And often in political situations, because people have mixed motives anyway for whatever they do, it causes a worse problem or there is some unintended consequence that leads to more that has to be fixed, and it lends to an endless string of unfixable circumstances.
So Śrīla Bhaktisiddhānta Sarasvatī told him there's no time to waste in spreading Lord Caitanya's movement, and he also made the point that it supersedes trying to fix the various conflicts that are going on in the world at any given time.
Oftentimes we think, “Oh, it used to be peaceful.” For instance, it was peaceful in America, right? No, I was there. I'm almost 70. I remember kindergarten—President Kennedy getting shot. I remember going home and thinking, “I don't like this. I don't like this whole arrangement.” If the president can get shot, then what's the use of the various celebrations of this achievement, that achievement? If it all ends like that, what's the use of it?
That's why Kṛṣṇa consciousness appealed to me so much later in my life because it addresses the root of the problem. So how to think of it? That's the overarching way to think about what goes on in the world.
Of course, we have compassion because people are suffering, and the strife and conflict that arises because of human interaction is certainly distressing to devotees. And the panacea ultimately is to establish the standard of Kṛṣṇa consciousness so people can take advantage of it.
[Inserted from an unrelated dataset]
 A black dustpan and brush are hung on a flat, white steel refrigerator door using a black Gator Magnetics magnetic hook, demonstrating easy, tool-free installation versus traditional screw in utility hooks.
As Prabhupāda said in Chicago in 1975, he came there and there was a newspaper article on the front page from the Chicago Tribune. It said, “Crime—why and what to do.” It was a crime wave in Chicago, which is probably still going on. I mean, it comes in waves. It's a crime wave. And so, you fix it and it comes back. Why is it coming back?
Prabhupāda said, “Why? We can answer why.” It's because of this phenomenon of an impure heart—people who aren't Kṛṣṇa conscious. So, Prabhupāda had met with the police chief in Chicago and he asked him to give us a building there. And he said, “And then you give us a building and you give us the criminals, and we'll give them a program of Kṛṣṇa consciousness and we'll help to uplift them.”
Much of the penal system nowadays is punitive—go there to get punished. Some countries don't have that. But there's a way in which anybody can be reformed. So, one way to think about how to deal with it is from the root, and that is to help to establish the standard of Kṛṣṇa consciousness so people can take advantage of it.
That's the view of our ācāryas in general. In this age, people don't have any philosophy. So, if there is some system where people can come and reform themselves, help themselves, and help others—that is important.